RBC — With record snows and a robust economy, this has been a season of good fortune for the resort town of Crested Butte in western Colorado. Yet our future hangs in the balance as Congress wrestles with an issue that ought to concern Americans everywhere: reform of the 1872 Mining Law.
How Congress proceeds could determine the fate of our community and whether many of the things that make Crested Butte such an attractive place to live and play — our healthy mountain environment and recreation-based economy — will be spoiled by the large-scale molybdenum mine proposed right in our municipal watershed.
Just like many other towns in the West, we treasure our rich mining heritage. But honoring the past doesn’t mean we must live with its destructive relics and the mining rules set 136 years ago during the administration of President Ulysses S. Grant are indeed relics.

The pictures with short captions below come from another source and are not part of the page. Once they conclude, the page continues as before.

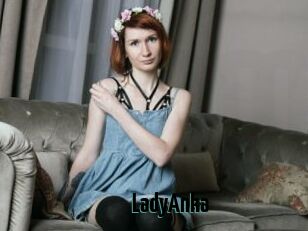LadyAnka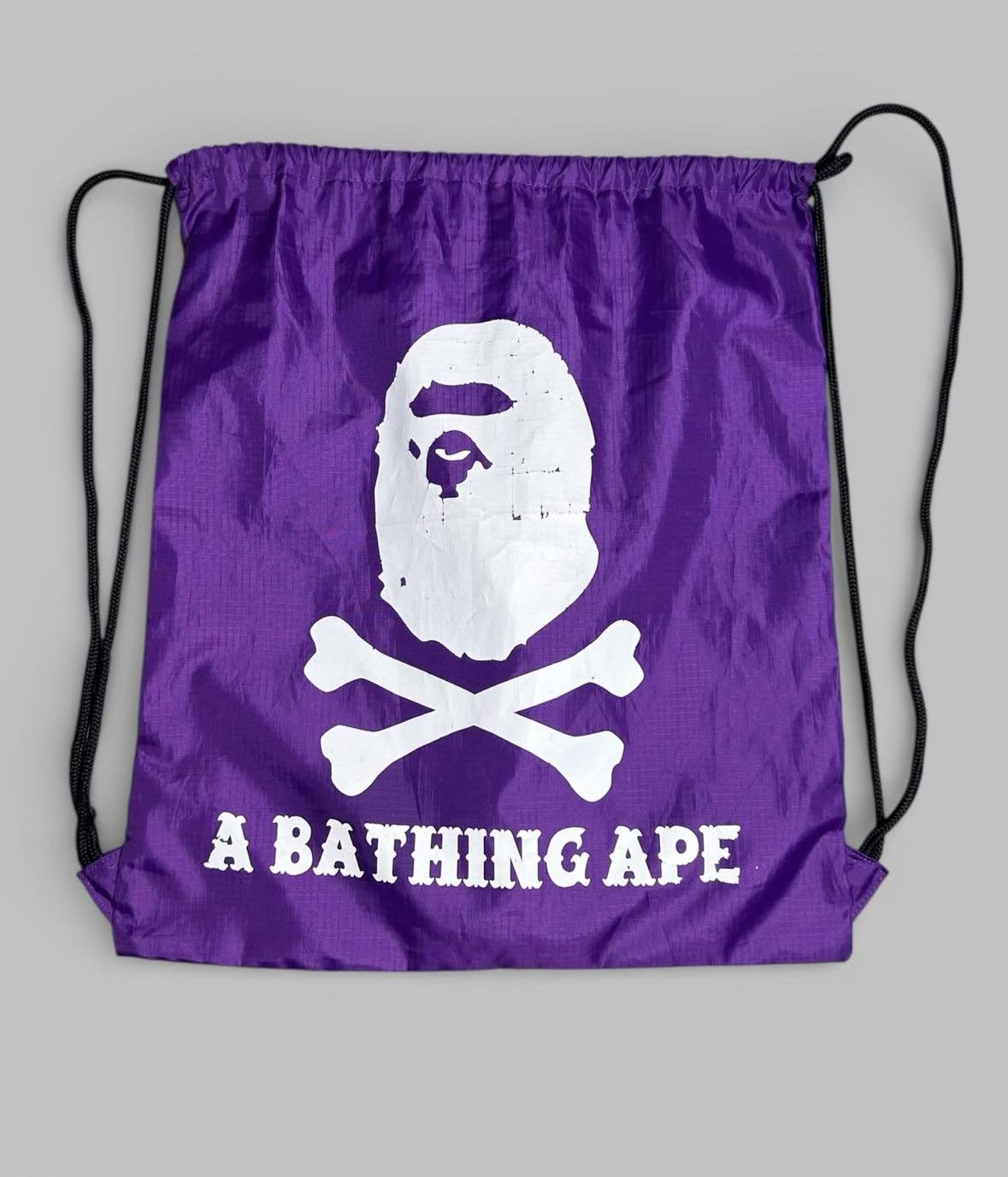 Bape A Bathing Ape Pirate Store Draw Size ONE SIZE - 1 Thumbnail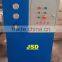 JSD HIGH QUALITY!!!! HYDRAULIC POWER PACK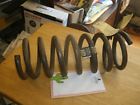 3988074 Oem Gm Single Nos Chevy Vega Front Spring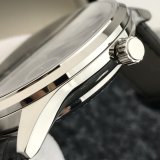 2020SS新作Vacheron Constantinヴァシュロンコンスタンタンメンズ時計スーパーコピー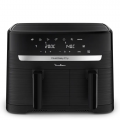 MOULINEX  EZ901N20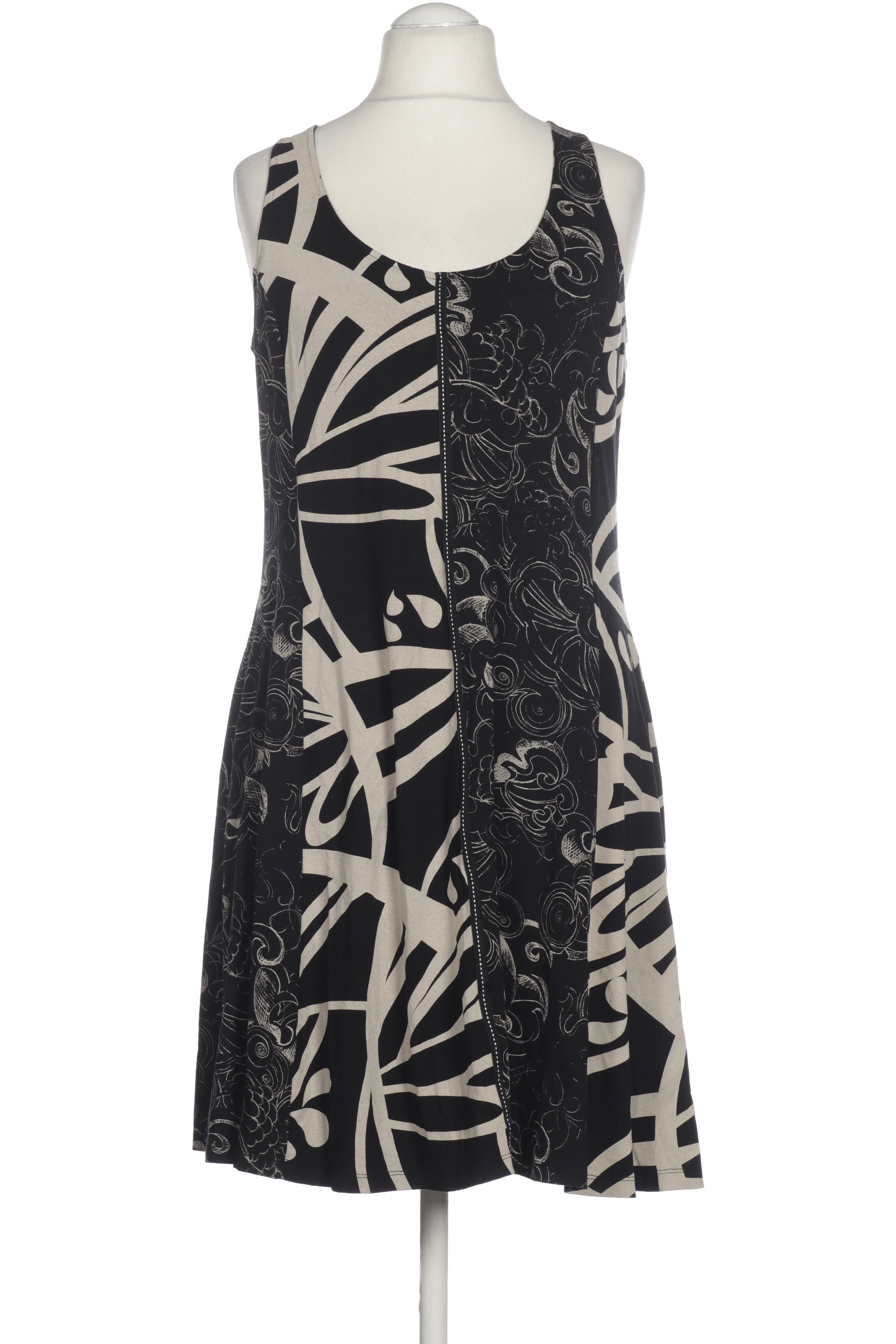 

yest Damen Kleid, schwarz, Gr.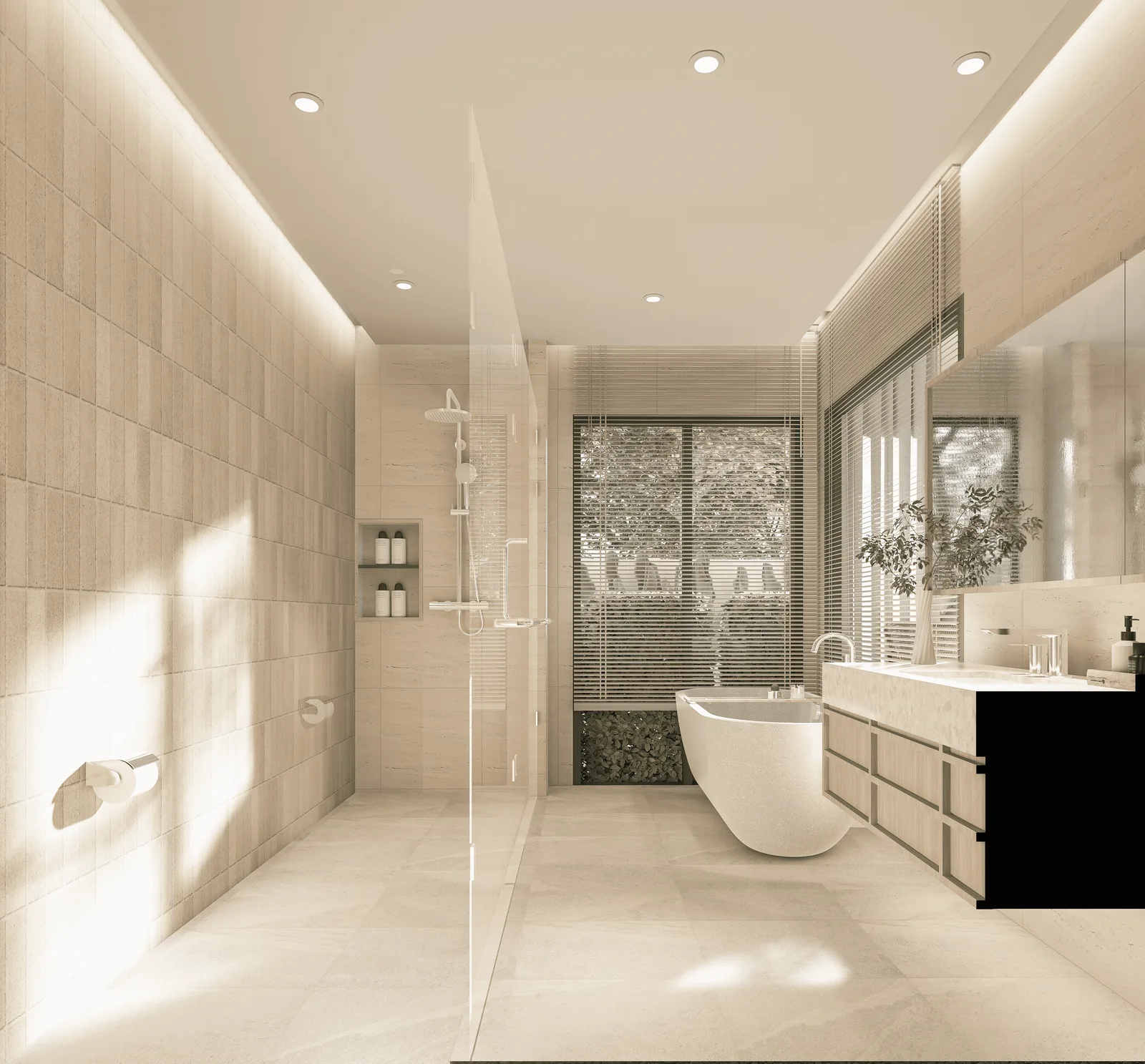 Raintree Villa Phuket (Phase 2) 4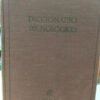 748016-MLA70632857969_072023 Diccionario Tecnológico - Omega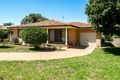 Property photo of 27 Coral Crescent Dubbo NSW 2830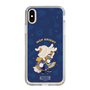 Slim Protection Case［ Nelnal - MUTANT FRIENDS - MOP KNIGHT ］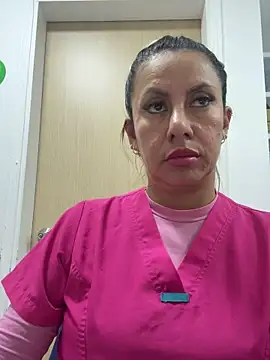 Snapshot of GisellTorres36 chatting on November 28, 3:14 pm GisellTorres36 online show from November 28, 3:14 pm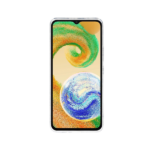 Vivid Case Slim TPU Samsung Galaxy A04s Zebra - Image 2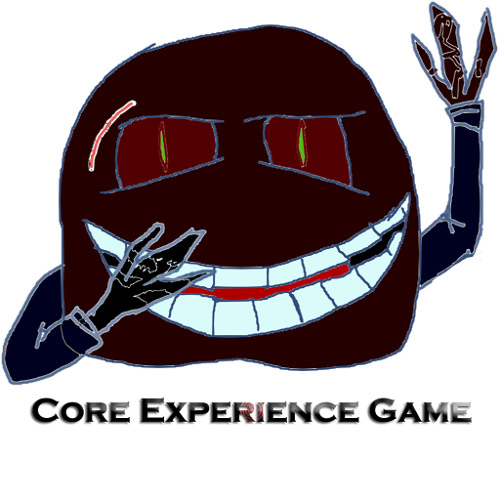 CoreExperience’s avatar
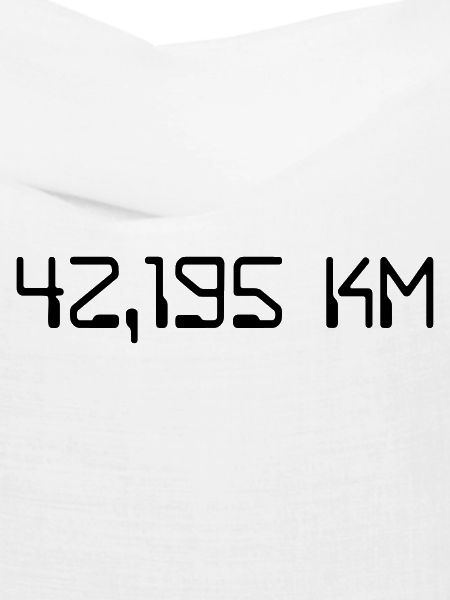 Marathon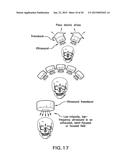 Methods and Devices for Modulating Cellular Activity Using Ultrasound diagram and image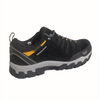 Zapatilla Hombre Weinbrenner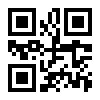 isna.ir/x7k7S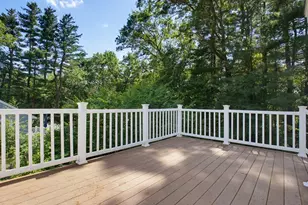37 Woodbury Rd, Southborough, MA 01772 - Photo 10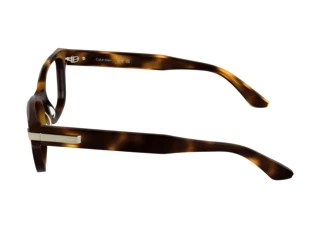 Side view Calvin Klein CK25541 (240)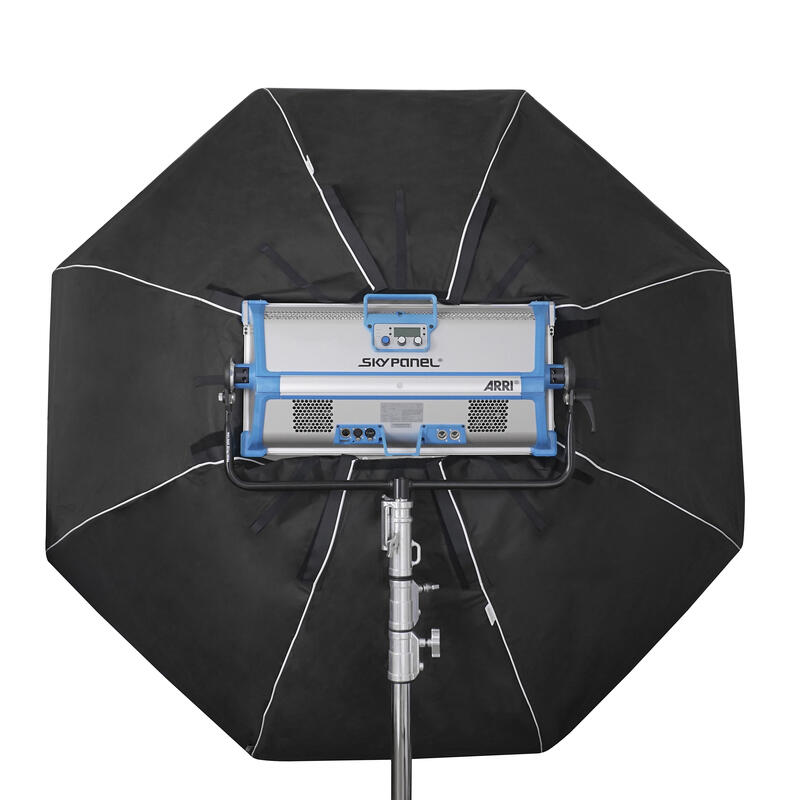 DoPChoice Octa 7 Snapbag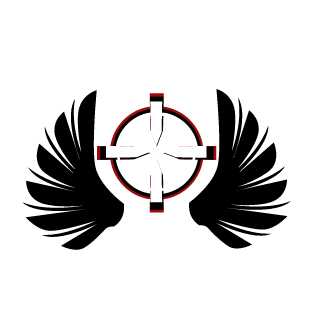 Bockbiermania's emblem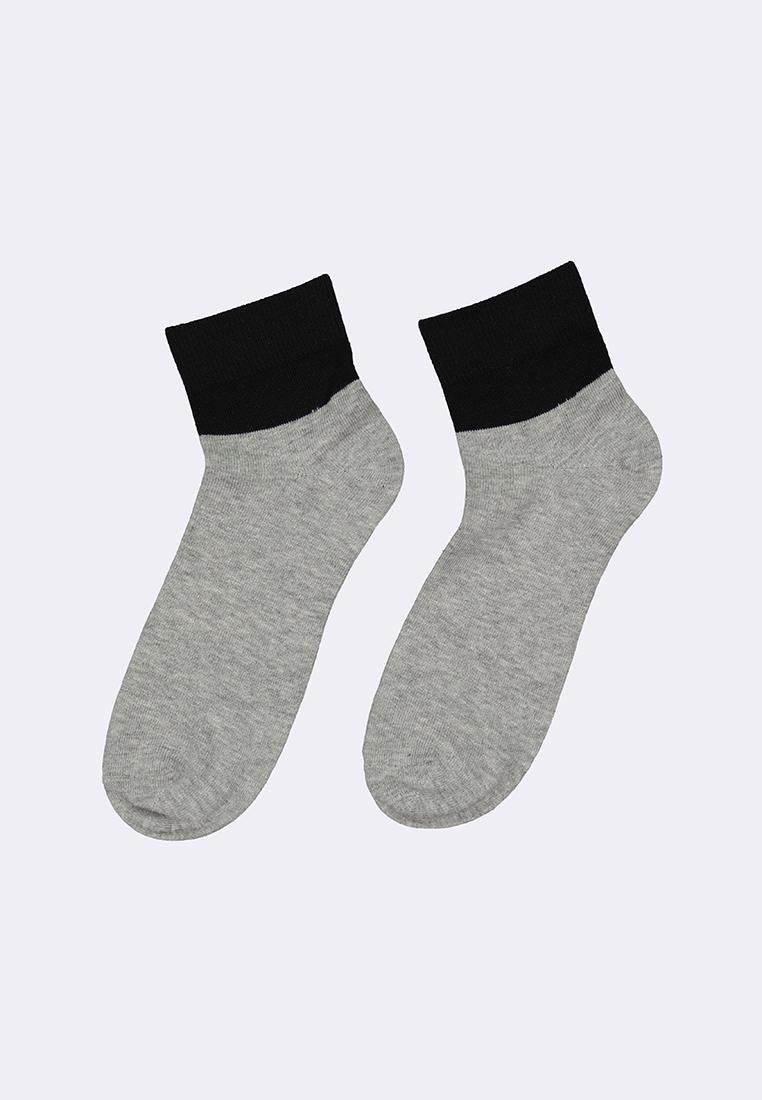 Men's Ankle Cool Socks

The mining law made mineral exploration and development the “highest and best use” of our federal lands in 1872. Virtually unchanged since that time, it still regulates hardrock mineral development and mining on our vast system of federal lands. This law may have made sense in the frontier days when Congress was eager to settle the West but it no longer makes sense when Western communities survive in large part because of recreation, tourism and access to public lands.
We know that the federal land managers who oversee our forests and rangelands treasure the open space, clean water, recreation opportunities and wildlife habitat that public lands nourish. But the 1872 Mining Law makes it all but impossible for them to deny mining proposals that could destroy those values. Worst of all, local residents have virtually no clout with the Forest Service about whether a project goes forward. Under current law, local and state officials are even more powerless.
Yet here in Crested Butte, we are faced with a proposed mine just two miles from town. As we understand it today, the “Lucky Jack Project” would deposit hundreds of thousands of tons of tailings and other wastes close to town and harm the valuable recreation lands and wildlife habitats that are our economic lifeblood.
Legislation passed by the U.S. House of Representatives this past October, H.R. 2262, would go a long way toward correcting these injustices. For the first time in more than a century, it would give federal land managers the power to reject a mine where other values like recreation, sensitive wildlife areas and critical waters are found to be paramount. It would also free special federal lands, including roadless forests and wilderness study areas, from the 1872 Mining Law.
Of particular importance to local and state officials, it would allow us to petition the secretary of interior to withdraw from mining special places like our municipal watershed. This is a good start, though I believe that municipal watersheds should, as a class and without exception, be declared unsuitable for mining.
The House legislation also contains provisions that recognize state and local regulation of hardrock mineral development, ensuring compliance through reclamation and environmental protection standards established under local, state and federal laws. In addition, the House bill would, for the first time, require mining companies to pay royalties for operating on federal lands.
Recently, the U.S. Senate began its review of the 1872 Mining Law. In the coming weeks, senators on the Committee on Energy and Natural Resources will be debating behind closed doors whether and how to overhaul the 1872 Mining Law. For Crested Butte and other recreation-based communities throughout the West, I believe it is essential to retain the environmental protections in the House bill. The mining industry will argue its needs come first: I say the West has moved on to a different reality.
I want to make it clear that I don’t oppose mining; it’s critical to our nation’s security. But it is time for our elected officials to do the right thing for communities that must live with mining on their doorstep. Current laws have failed to protect public lands from the effects of mining, as anyone can attest who has ever hiked in the mountains. Some streams run orange with acid mine drainage and waste from abandoned mines still litters the landscape. It’s time to stop adding to that sad legacy.
Alan Bernholtz is a contributor to Writers on the Range, a service of High Country News (hcn.org). He is the mayor of Crested Butte, Colo.